(Collection entries)
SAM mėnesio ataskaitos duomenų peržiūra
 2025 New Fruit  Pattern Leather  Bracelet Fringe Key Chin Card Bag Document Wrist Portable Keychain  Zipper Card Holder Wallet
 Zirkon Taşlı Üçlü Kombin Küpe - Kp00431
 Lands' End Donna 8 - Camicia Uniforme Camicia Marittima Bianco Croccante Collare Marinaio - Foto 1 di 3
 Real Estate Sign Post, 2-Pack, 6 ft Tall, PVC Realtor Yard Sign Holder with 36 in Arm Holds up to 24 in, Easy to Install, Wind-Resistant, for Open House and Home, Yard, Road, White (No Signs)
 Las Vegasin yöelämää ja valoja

(ACTIVITY):
Write out every entry word for word.

(ANSWER TO THIS PROBLEM):
SAM mėnesio ataskaitos duomenų peržiūra
 2025 New Fruit  Pattern Leather  Bracelet Fringe Key Chin Card Bag Document Wrist Portable Keychain  Zipper Card Holder Wallet
 Zirkon Taşlı Üçlü Kombin Küpe - Kp00431
 Lands' End Donna 8 - Camicia Uniforme Camicia Marittima Bianco Croccante Collare Marinaio - Foto 1 di 3
 Real Estate Sign Post, 2-Pack, 6 ft Tall, PVC Realtor Yard Sign Holder with 36 in Arm Holds up to 24 in, Easy to Install, Wind-Resistant, for Open House and Home, Yard, Road, White (No Signs)
 Las Vegasin yöelämää ja valoja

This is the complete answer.